I stand firm that reading Watchmen without a solid grasp of comic history is a huge mistake, but I didn't need to understand which era Magog was designed to parody to feel the emotions rising in my chest when Billy Batson cried "Shazam!" one final time. Like many of my favorite horror movies, Kingdom Come is a deeply conservative piece of work (The Greatest Generation vs. Gen X) that somehow still tugs right at my heartstrings—and it ended up being terribly prescient of the direction the DCU would take in the years following.

3. Animal Man Vol. 1, #1 through #26


Writer: Grant Morrison
Artist: Chas Truog
Publisher: DC Comics

I first picked up Animal Man as a preteen animal lover considering going vegan. Thanks to New X-Men, which was still in its early issues, Grant Morrison was one of the first creator names I recognized, but I wasn't super impressed with the serviceable, dated art or the nonsensical crossover in the opening issues, until BOOM, "The Coyote Gospel" comes out of nowhere in issue #5 and the book blows my undeveloped mind. I quickly followed Morrison to Doom Patrol, The Invisibles, The Filth, and all manner of books that fully seduced my innocence and made me the messed-up man I am today.

2. The Sandman


Writer: Neil Gaiman
Artist: Sam Kieth, Charles Vess, Jill Thompson, P. Craig Russell, Others
Publisher: Vertigo/ DC Comics

Paste's own Sean Edgar said to me recently that The Sandman is the greatest comic of all time, and after a moment's consideration, I easily agreed. It seems absurd to finger one story in an absolutely immense medium as the best, but I can't put forward one serious contender to Neil Gaiman's sweeping dark fantasy epic. Every plot thread, every bit character, every one-off issue means something in the grand scheme of Morpheus' saga. The first time I ever cried reading a comic was the final volume of The Sandman, appropriately titled The Wake, in the early hours of the morning on a school night, in hurt disbelief that it was really over.

1. New X-Men #114 through #154


Writer: Grant Morrison
Artists: Frank Quitely, Phil Jimenez, Igor Kordey, Others
Publisher: Marvel Comics

I've loved the X-Men since discovering a used VHS of Pryde of the X-Men in the early '90s, but I've never been as thrilled by the franchise as when Morrison and Quitely burned it to the ground, slapped black leather on it and put it back together again.
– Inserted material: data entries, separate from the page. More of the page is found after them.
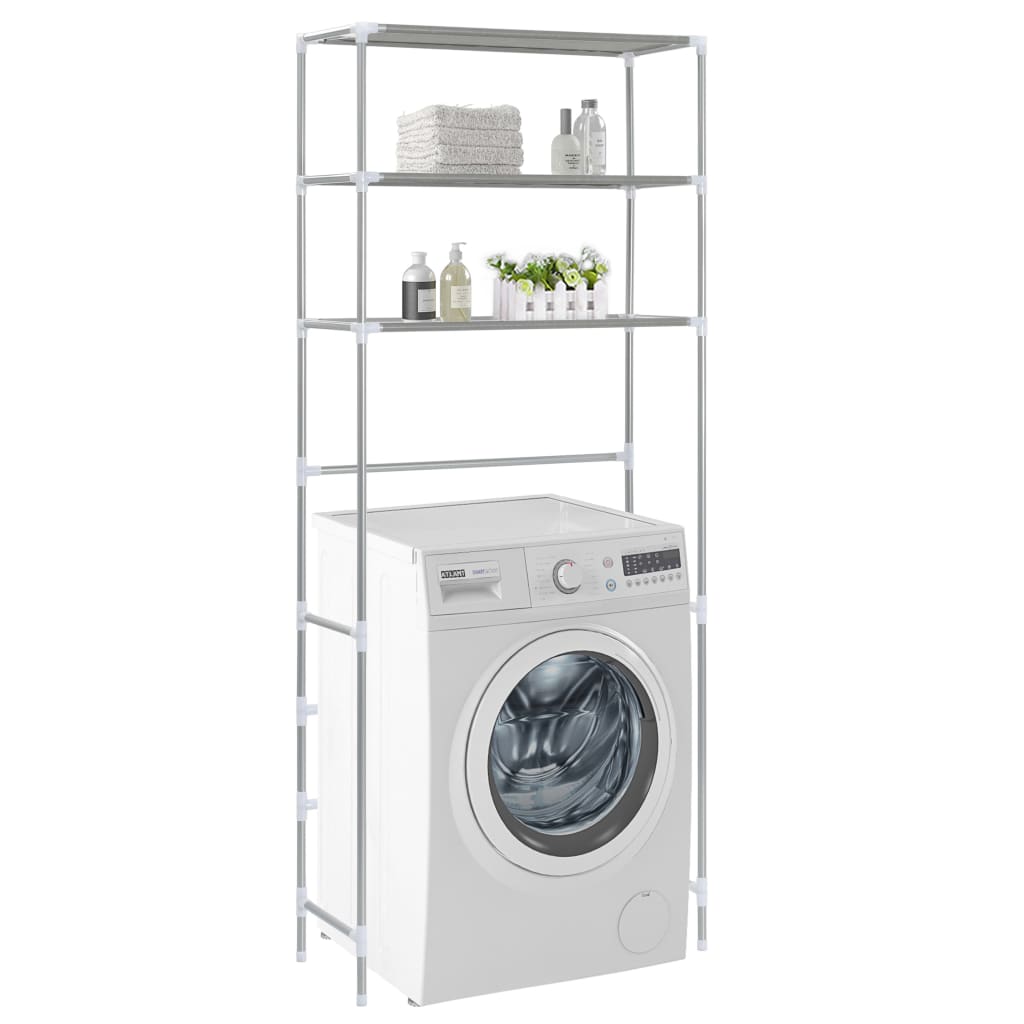 8719883565095_m_en_hd_1 vidaXL 3-Tier Storage Rack over Laundry Machine Silver 69x28x169 cm - Image 1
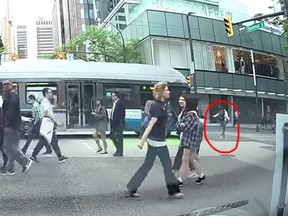 A Vancouver woman hit by a bus Wednesday suffered no injuries, Transit Police said.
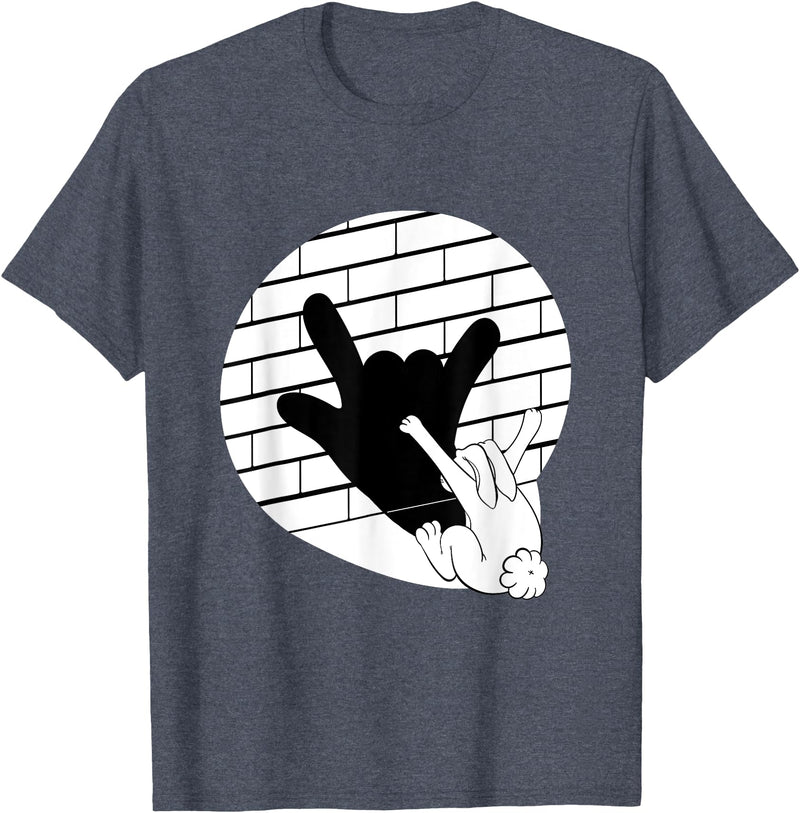 Funny Rabbit Hand Puppet Bunny Shadow T-Shirt in Heather Blue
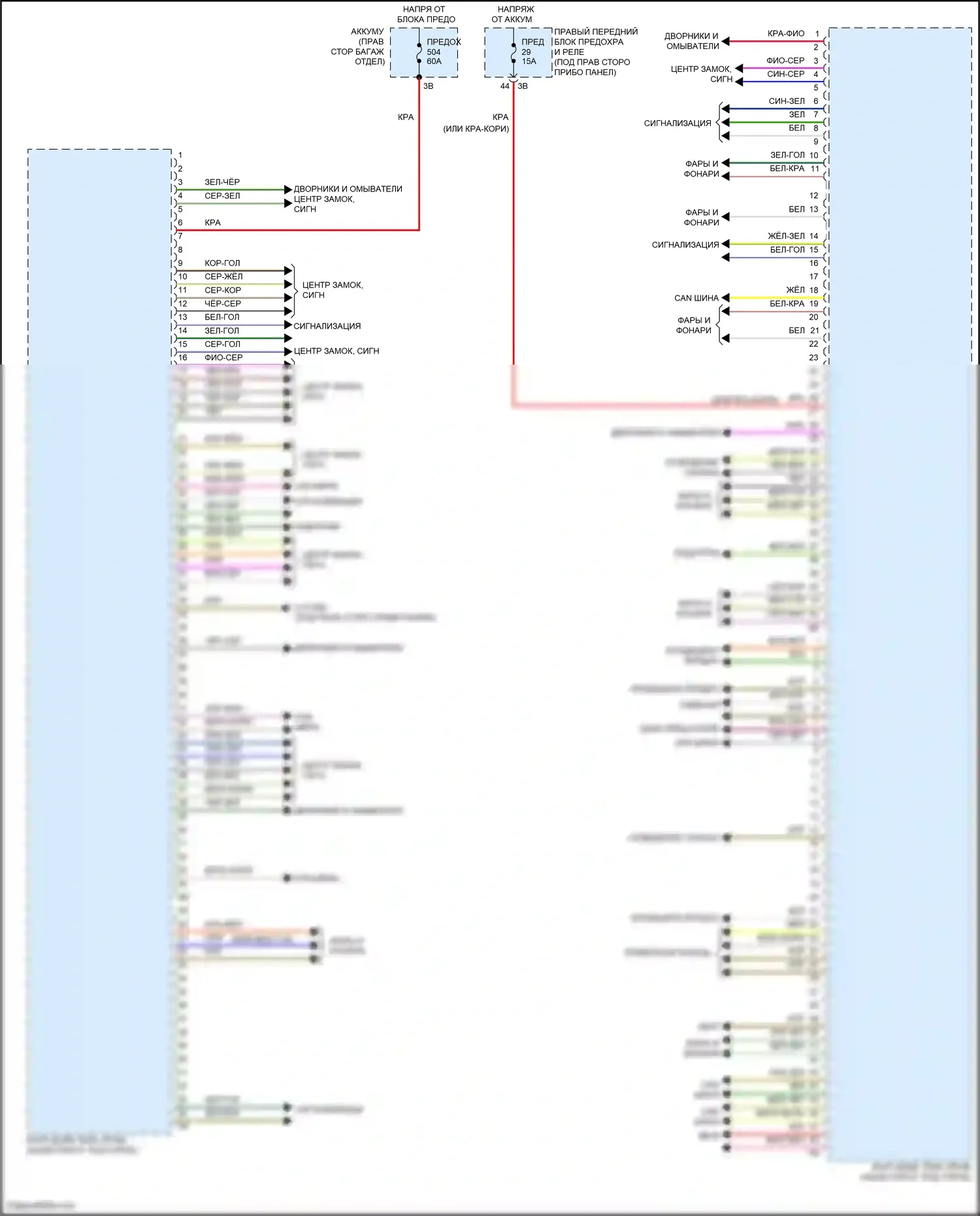 X7 BMW G07 рестайлинг (2022-2024): Электросхема блоков управления кузовом (2 из 3)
Across 41 issues, Morrison turned the mutant metaphor queer, making X-Gene carriers persecuted and desired, taboo but arousing. Xorn is one of the great modern long-form storytelling twists, and Marvel promptly shat on it and every other change that Morrison made as soon as the Scottish scribe left the book, but no amount of retconning can erase this epoch-defining mission statement. Bonus personal memory: I took #116 to school for a show-and-tell and no one seemed to mind a sixth-grader carrying around a comic with a barely-clad Emma Frost on the cover.